──────── Entries provided ────────
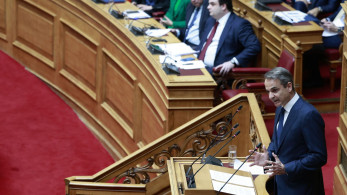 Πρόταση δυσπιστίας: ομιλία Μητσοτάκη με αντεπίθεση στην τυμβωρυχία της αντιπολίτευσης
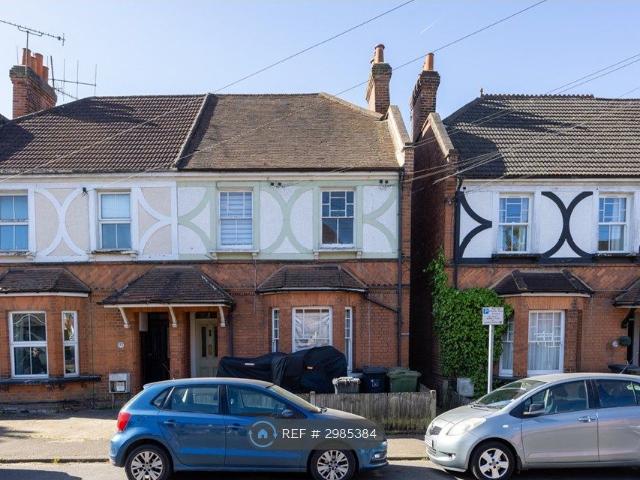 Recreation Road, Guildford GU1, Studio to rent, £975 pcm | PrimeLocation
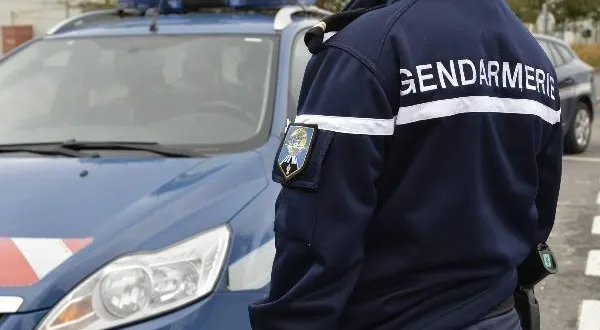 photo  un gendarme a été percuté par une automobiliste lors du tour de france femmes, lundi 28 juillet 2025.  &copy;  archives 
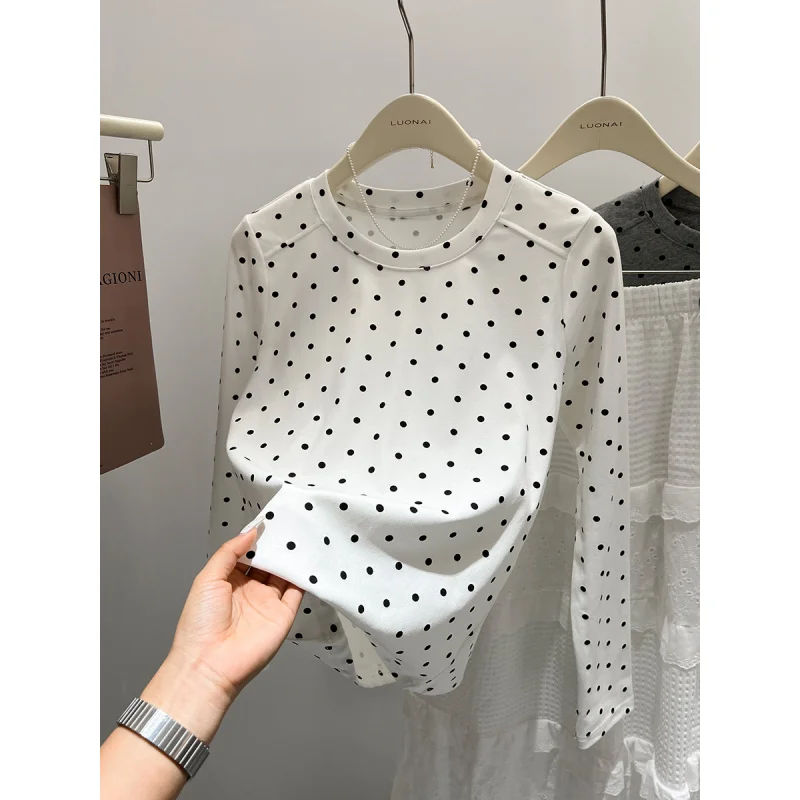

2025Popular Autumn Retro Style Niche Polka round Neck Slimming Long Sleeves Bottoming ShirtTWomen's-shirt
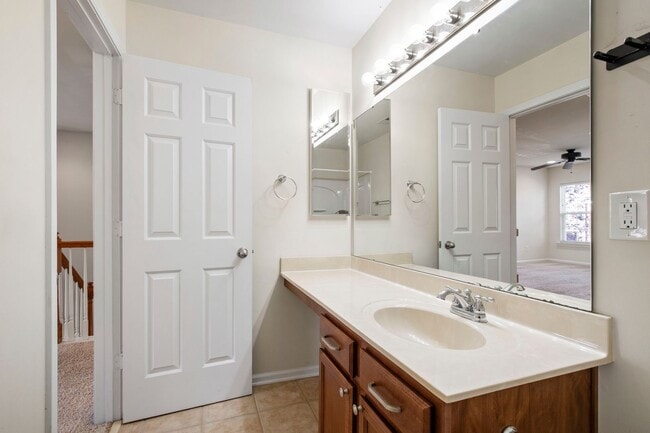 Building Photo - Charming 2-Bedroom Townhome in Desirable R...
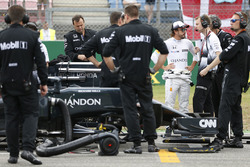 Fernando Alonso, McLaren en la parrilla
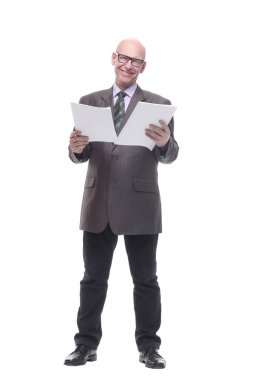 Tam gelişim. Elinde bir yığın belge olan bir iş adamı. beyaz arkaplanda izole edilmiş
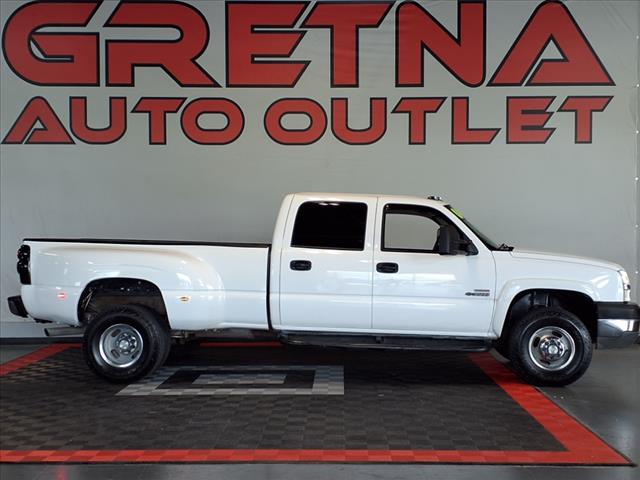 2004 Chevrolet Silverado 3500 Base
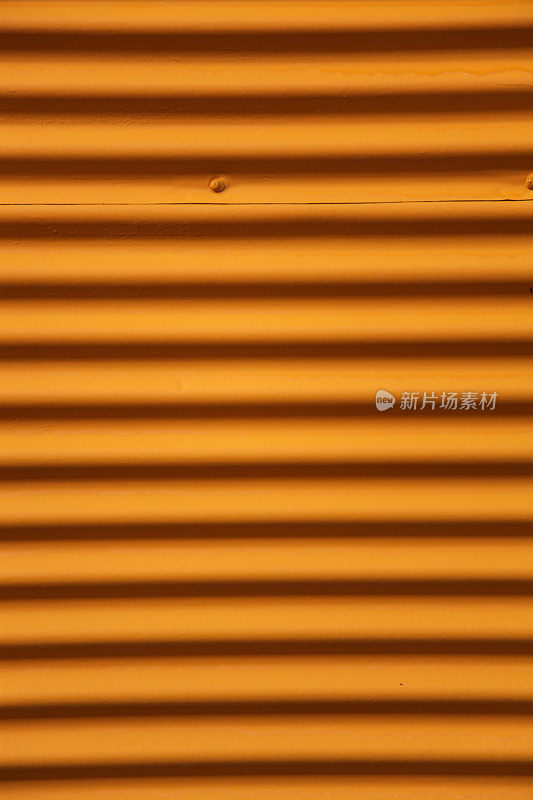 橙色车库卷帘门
────────
Task goal
Each line from the one that contains "un gendarme a" to the end of the listing must be quoted exactly; no other line and no picture belongs in the copy.

Solution for this task
 photo  un gendarme a été percuté par une automobiliste lors du tour de france femmes, lundi 28 juillet 2025.  &copy;  archives 

2025Popular Autumn Retro Style Niche Polka round Neck Slimming Long Sleeves Bottoming ShirtTWomen's-shirt
 Building Photo - Charming 2-Bedroom Townhome in Desirable R...
 Fernando Alonso, McLaren en la parrilla
 Tam gelişim. Elinde bir yığın belge olan bir iş adamı. beyaz arkaplanda izole edilmiş
 2004 Chevrolet Silverado 3500 Base
 橙色车库卷帘门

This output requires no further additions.